Dani Daram Das wurde sehr ärgerlich auf seine Frau: „Du hast dem alten Mann Unrecht getan; es war Gott, der zu uns kam“, und er bedauerte zutiefst ihr Verhalten. Seine Frau entgegnete: „Ein reicher Mann wie du braucht sich deshalb nicht zu sorgen, du kannst einige Yajnas abhalten (ein frommer Brauch, Sadhus, Heilige und Arme zu speisen). Es können viele Fliegen auf der Melasse sitzen.“ Und er begann damit, nur um diesen Heiligen zu sich zurückzuholen. Eine solche Kraft mag ständig an jemandes Seite sein, doch es kann sein, daß derjenige sie während seines ganzen Lebens nicht erkennt. Denn es liegt allein in Seiner Hand, jemanden zu entwickeln, ansonsten kann niemand sich selbst helfen. Nachdem sie viele Yajnas abgehalten hatten, gingen sie bankrott. Sie hatten nicht einmal mehr Geld für Essen. Ihre Aufmerksamkeit war vollkommen auf die richtige Sichtweise des Lebens konzentriert, so daß sie darüber ihre Geschäfte vergaßen. Um der Wahrheit willen wollten sie alles beenden. Kabir gab ihnen diese (dem Weltlichen) vollkommen entgegengesetzte Sichtweise.
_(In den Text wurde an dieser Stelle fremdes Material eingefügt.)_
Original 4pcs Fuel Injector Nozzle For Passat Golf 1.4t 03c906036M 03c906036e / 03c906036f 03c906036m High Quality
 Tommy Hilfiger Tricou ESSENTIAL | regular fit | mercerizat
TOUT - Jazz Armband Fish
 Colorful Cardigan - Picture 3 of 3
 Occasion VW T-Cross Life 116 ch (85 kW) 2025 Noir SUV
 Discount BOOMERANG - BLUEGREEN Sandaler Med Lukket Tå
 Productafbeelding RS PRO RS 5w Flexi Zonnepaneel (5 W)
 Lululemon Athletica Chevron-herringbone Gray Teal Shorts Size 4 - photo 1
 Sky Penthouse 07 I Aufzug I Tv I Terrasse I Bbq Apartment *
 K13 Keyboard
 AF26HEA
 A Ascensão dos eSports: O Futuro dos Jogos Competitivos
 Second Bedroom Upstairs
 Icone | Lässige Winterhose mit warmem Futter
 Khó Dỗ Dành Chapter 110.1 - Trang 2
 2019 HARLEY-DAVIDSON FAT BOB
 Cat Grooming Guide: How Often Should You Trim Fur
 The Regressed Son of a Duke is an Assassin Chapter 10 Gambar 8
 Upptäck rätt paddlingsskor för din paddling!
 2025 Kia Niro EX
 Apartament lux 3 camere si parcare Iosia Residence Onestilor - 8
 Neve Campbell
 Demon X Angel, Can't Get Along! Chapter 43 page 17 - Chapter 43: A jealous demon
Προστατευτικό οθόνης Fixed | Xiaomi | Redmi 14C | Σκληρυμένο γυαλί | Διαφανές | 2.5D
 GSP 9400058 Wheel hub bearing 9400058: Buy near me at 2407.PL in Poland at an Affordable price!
Schließlich beschlossen sie beide, sich in den Fluß zu stürzen, um ihrem Leben ein Ende zu bereiten. Sie gingen zusammen zum Ganges, und als sie sich gerade ins Wasser stürzen wollten, erschien Kabir, faßte sie am Arm und fragte: „Wo geht ihr hin?“ „O Meister, jetzt, da wir nichts mehr zu essen haben, kommt Ihr, Ihr wäret besser früher gekommen, dann hätten wir auch Euch dienen können.“ Kabir sprach: „Diese Fliege setzt sich nicht auf die Melasse, sie kommt aus Desh.“ Desh bedeutet „aus der ewigen Heimat“. Später, nach der Initiation, fragte Dani Daram Das Kabir: „Woran liegt es, daß sich durch Eure Gnade unser Zustand so verändert hat?“ Kabir antwortete: „Zuvor war euer Zustand wie der eines Hundes, der im Spiegelkabinett wieder und wieder sein eigenes Spiegelbild anbellt ­– das war ein Zustand großer Unwissenheit.“ Er fuhr fort: „Euer Zustand war wie der eines Affen.“ – Der Affe umklammert den Ast sehr fest (wenn man ihn zu fangen versucht), er „hängt“, in jedem Sinn des Wortes, an dem Ast, denn er glaubt, der Ast wird ihn nie verlassen. Und Er sagte weiter: „Ihr wart wie der Löwe. Wenn er sein Spiegelbild im Brunnen sieht, springt er hinein und verliert dort sein Leben. So war euer Zustand, er war so aufgrund eurer Unwissenheit.“ Der Mensch begeht diese Dinge durch seine Unwissenheit, und deshalb ist er an die Welt gebunden. Wenn ihr alles mit richtigem Verstehen tut, gibt es kein Problem. Alles wird so klar werden, wie man es sich nur denken kann. Im Licht der Sonne erscheint alles in seinem ursprünglichen Zustand. Mit richtigem Verstehen können wir unsere Schwächen beobachten und uns selbst helfen, sie zu überwinden.